__Exercise directions__
Omit the images. Reproduce each line of the records exactly as it appears.

[[ Dataset extract open ]]

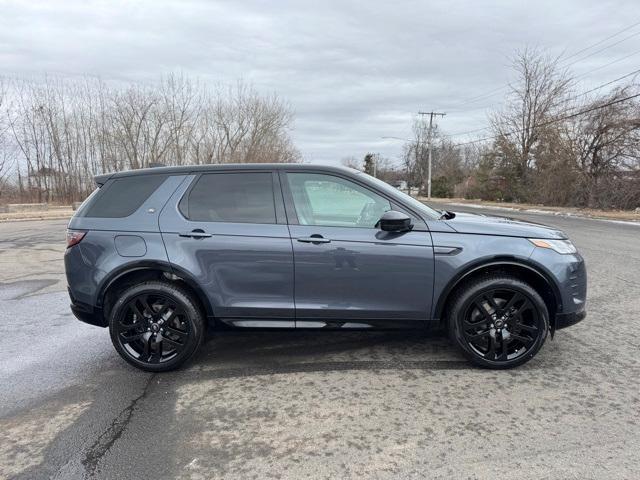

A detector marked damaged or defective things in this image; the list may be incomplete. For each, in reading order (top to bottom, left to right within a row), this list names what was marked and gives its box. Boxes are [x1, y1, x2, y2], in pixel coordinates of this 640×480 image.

crack in pavement [81, 374, 156, 478]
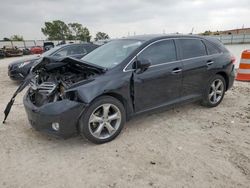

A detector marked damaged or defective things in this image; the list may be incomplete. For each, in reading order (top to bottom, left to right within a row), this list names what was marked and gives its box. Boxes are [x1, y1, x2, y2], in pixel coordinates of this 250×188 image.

damaged front end of suv [3, 56, 106, 137]
front bumper damage [23, 92, 86, 137]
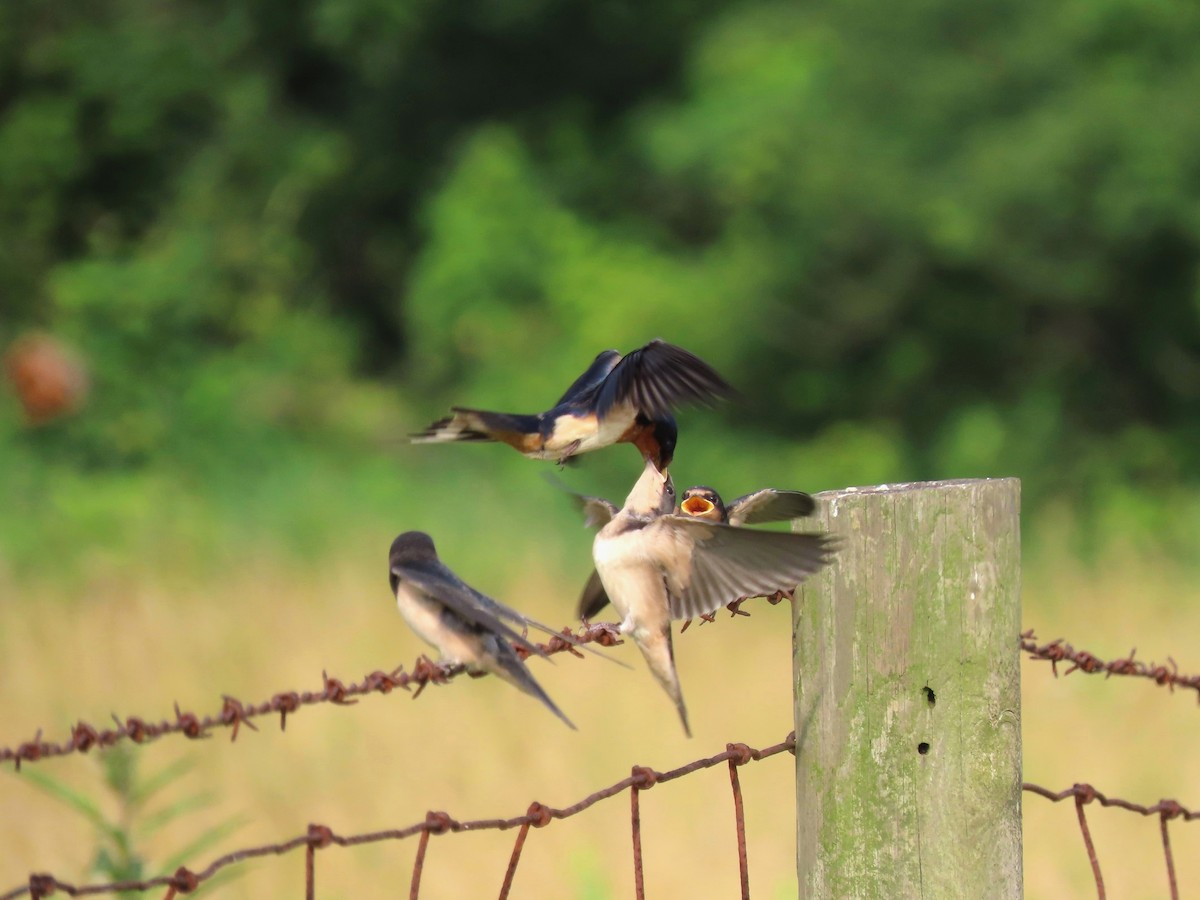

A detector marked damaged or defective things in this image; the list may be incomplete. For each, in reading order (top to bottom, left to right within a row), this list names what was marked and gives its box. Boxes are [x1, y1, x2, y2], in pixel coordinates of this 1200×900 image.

rusty barbed wire [2, 624, 628, 768]
rusty barbed wire [1016, 628, 1200, 700]
rusty barbed wire [2, 732, 796, 900]
rusty barbed wire [1020, 780, 1200, 900]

[[ Dataset extract closed ]]

__Task result__
A detector marked damaged or defective things in this image; the list may be incomplete. For each, in reading order (top to bottom, left to right within a row), this list names what was marked and gives its box. Boxes are [x1, y1, x2, y2], in pixel coordinates of this 640×480 image.

crack in pavement [81, 374, 156, 478]

A detector marked damaged or defective things in this image; the list may be incomplete. For each, in reading order (top to bottom, left to right within a row), this list names what was marked and gives its box. Boxes are [x1, y1, x2, y2], in pixel coordinates of this 250×188 image.

damaged front end of suv [3, 56, 106, 137]
front bumper damage [23, 92, 86, 137]

A detector marked damaged or defective things in this image; the list may be incomplete. For each, in reading order (top to bottom, left to right within a row), this list names what was marked and gives its box. Boxes are [x1, y1, x2, y2], in pixel coordinates of this 1200×900 image.

rusty barbed wire [2, 624, 628, 768]
rusty barbed wire [1016, 628, 1200, 700]
rusty barbed wire [2, 732, 796, 900]
rusty barbed wire [1020, 780, 1200, 900]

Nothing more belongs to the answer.